The European Commission has recommended a lifting the Excessive Deficit Prodecure for Malta in view of the country's consistent path towards a smaller deficit, Finance Minister Tonio Fenech said this afternoon.
He said the decision was taken in view of the fact that Malta's deficit had slipped below 3% of GDP last year and remained below that threshold.
Speaking at a press conference, Mr Fenech also welcomed an assessment of Malta's economy made by the Commission in its autumn country report.
"Economic growth rebounded in the second quarter of 2012 and soft indicators suggest it is still picking up in the second half of the year. For 2012 as a whole, real GDP is forecast to expand by 1%, driven entirely by net exports, which benefit from improved external competitiveness and a remarkably resilient tourist sector. These developments are projected to result in a marked improvement in the current-account balance, which is forecast to reach a surplus of around 2% of GDP, after having recorded a deficit for over a decade. On the downside, domestic demand, including inventories, appears to be rather weak and is forecast to be a drag on growth in 2012," the Commission said.

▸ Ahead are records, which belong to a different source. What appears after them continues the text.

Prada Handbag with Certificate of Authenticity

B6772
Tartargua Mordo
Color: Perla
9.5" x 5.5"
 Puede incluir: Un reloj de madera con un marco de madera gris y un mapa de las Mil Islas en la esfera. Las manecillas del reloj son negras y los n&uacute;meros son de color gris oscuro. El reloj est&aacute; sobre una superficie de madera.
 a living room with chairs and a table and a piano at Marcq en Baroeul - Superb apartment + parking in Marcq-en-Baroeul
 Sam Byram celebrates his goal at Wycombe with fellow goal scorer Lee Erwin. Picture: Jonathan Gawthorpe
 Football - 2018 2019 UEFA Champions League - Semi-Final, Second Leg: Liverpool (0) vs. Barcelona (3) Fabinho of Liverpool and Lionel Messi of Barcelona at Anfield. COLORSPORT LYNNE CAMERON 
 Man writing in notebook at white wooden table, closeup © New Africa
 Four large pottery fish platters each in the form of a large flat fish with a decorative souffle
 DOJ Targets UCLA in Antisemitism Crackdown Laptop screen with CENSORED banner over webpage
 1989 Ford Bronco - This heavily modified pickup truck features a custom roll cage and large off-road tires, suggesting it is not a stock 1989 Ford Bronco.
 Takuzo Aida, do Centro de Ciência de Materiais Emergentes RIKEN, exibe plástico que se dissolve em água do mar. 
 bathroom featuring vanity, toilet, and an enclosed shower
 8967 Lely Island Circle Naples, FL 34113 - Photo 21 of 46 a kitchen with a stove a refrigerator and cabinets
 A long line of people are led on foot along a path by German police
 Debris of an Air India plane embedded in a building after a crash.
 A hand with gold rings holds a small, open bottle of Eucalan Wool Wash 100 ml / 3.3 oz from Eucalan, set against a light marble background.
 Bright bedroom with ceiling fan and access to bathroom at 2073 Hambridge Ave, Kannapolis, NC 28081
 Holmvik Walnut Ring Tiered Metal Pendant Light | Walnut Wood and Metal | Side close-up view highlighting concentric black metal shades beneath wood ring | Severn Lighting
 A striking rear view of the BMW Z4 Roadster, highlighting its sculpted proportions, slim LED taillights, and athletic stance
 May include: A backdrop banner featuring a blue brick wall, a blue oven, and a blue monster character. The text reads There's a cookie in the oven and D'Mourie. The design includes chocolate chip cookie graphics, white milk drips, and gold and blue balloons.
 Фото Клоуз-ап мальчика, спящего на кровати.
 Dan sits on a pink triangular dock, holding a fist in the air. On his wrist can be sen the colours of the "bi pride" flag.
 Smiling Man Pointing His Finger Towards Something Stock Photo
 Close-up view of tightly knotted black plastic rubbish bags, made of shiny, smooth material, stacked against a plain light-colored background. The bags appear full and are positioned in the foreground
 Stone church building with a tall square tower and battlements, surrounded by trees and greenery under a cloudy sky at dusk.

A gradual recovery in domestic demand is projected to underpin the expansion in economic activity in 2013-14. Investment is projected to continue recovering slowly on the back of EU-funded projects, given the approaching end of the 2007-13 programming period, as well as the construction of the electricity interconnector with Sicily.
Household consumption is projected to slowly recover in 2013-14, mostly on the back of a resilient labour market and higher disposable income. Employment is expected to increase over the forecast horizon, albeit at somewhat more subdued rates compared to 2010-11. Average wages are also set to continue growing, partly boosted by the mandatory wage indexation, particularly in 2013, and partly reflecting a composition effect, as new jobs are likely to be created in high-skilled occupations.
The Commission warned that inflation is projected to average 2.9% this year, slightly higher than last year, before moderating to 2.2% in 2013-14.
After improving by 1 pp. of GDP in 2011, the structural deficit is set to stabilise in 2012 and, on a no-policy-change basis, to improve by ¼ pp. of GDP in 2013 and by ½ pp. of GDP in 2014. The main downside risk to this scenario is related to the possible need for additional subsidies to Enemalta.